Task directions ▸
Every line below needs to be returned exactly as written.

Records for this exercise ▸
===============
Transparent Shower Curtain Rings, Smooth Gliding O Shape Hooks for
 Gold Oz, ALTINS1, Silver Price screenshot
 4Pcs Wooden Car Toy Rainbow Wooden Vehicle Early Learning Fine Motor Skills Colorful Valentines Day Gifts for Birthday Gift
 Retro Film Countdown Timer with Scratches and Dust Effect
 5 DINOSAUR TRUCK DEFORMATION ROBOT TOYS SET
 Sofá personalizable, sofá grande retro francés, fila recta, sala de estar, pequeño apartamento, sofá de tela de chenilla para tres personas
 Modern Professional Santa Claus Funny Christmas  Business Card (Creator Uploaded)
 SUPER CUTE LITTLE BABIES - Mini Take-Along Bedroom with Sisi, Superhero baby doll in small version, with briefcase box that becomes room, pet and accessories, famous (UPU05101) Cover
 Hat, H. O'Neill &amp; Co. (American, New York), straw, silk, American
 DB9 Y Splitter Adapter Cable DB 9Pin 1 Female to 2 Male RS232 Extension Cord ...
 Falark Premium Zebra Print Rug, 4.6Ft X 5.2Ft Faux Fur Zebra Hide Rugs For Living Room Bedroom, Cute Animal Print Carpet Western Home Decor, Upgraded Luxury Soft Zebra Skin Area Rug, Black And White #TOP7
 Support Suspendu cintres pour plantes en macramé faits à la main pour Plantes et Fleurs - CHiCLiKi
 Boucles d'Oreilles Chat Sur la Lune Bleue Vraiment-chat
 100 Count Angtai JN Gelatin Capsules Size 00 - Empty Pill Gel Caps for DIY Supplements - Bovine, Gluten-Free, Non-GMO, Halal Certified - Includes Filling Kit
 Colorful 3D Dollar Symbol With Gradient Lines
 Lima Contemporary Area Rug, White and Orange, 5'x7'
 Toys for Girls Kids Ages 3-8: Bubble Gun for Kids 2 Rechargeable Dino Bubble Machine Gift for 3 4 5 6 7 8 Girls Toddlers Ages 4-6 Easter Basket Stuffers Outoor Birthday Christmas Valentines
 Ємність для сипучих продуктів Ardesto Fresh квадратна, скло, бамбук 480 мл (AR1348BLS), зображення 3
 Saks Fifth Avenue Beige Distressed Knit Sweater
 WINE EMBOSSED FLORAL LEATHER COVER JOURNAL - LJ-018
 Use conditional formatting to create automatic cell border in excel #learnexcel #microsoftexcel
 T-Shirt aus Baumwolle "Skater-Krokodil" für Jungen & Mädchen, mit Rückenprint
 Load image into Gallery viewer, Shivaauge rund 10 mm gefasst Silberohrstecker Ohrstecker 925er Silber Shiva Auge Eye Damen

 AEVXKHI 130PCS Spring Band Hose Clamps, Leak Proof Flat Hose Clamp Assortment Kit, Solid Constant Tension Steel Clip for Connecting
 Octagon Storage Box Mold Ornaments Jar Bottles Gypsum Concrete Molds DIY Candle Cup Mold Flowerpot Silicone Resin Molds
===============
Result for this exercise ▸
Transparent Shower Curtain Rings, Smooth Gliding O Shape Hooks for
 Gold Oz, ALTINS1, Silver Price screenshot
 4Pcs Wooden Car Toy Rainbow Wooden Vehicle Early Learning Fine Motor Skills Colorful Valentines Day Gifts for Birthday Gift
 Retro Film Countdown Timer with Scratches and Dust Effect
 5 DINOSAUR TRUCK DEFORMATION ROBOT TOYS SET
 Sofá personalizable, sofá grande retro francés, fila recta, sala de estar, pequeño apartamento, sofá de tela de chenilla para tres personas
 Modern Professional Santa Claus Funny Christmas  Business Card (Creator Uploaded)
 SUPER CUTE LITTLE BABIES - Mini Take-Along Bedroom with Sisi, Superhero baby doll in small version, with briefcase box that becomes room, pet and accessories, famous (UPU05101) Cover
 Hat, H. O'Neill &amp; Co. (American, New York), straw, silk, American
 DB9 Y Splitter Adapter Cable DB 9Pin 1 Female to 2 Male RS232 Extension Cord ...
 Falark Premium Zebra Print Rug, 4.6Ft X 5.2Ft Faux Fur Zebra Hide Rugs For Living Room Bedroom, Cute Animal Print Carpet Western Home Decor, Upgraded Luxury Soft Zebra Skin Area Rug, Black And White #TOP7
 Support Suspendu cintres pour plantes en macramé faits à la main pour Plantes et Fleurs - CHiCLiKi
 Boucles d'Oreilles Chat Sur la Lune Bleue Vraiment-chat
 100 Count Angtai JN Gelatin Capsules Size 00 - Empty Pill Gel Caps for DIY Supplements - Bovine, Gluten-Free, Non-GMO, Halal Certified - Includes Filling Kit
 Colorful 3D Dollar Symbol With Gradient Lines
 Lima Contemporary Area Rug, White and Orange, 5'x7'
 Toys for Girls Kids Ages 3-8: Bubble Gun for Kids 2 Rechargeable Dino Bubble Machine Gift for 3 4 5 6 7 8 Girls Toddlers Ages 4-6 Easter Basket Stuffers Outoor Birthday Christmas Valentines
 Ємність для сипучих продуктів Ardesto Fresh квадратна, скло, бамбук 480 мл (AR1348BLS), зображення 3
 Saks Fifth Avenue Beige Distressed Knit Sweater
 WINE EMBOSSED FLORAL LEATHER COVER JOURNAL - LJ-018
 Use conditional formatting to create automatic cell border in excel #learnexcel #microsoftexcel
 T-Shirt aus Baumwolle "Skater-Krokodil" für Jungen & Mädchen, mit Rückenprint
 Load image into Gallery viewer, Shivaauge rund 10 mm gefasst Silberohrstecker Ohrstecker 925er Silber Shiva Auge Eye Damen

 AEVXKHI 130PCS Spring Band Hose Clamps, Leak Proof Flat Hose Clamp Assortment Kit, Solid Constant Tension Steel Clip for Connecting
 Octagon Storage Box Mold Ornaments Jar Bottles Gypsum Concrete Molds DIY Candle Cup Mold Flowerpot Silicone Resin Molds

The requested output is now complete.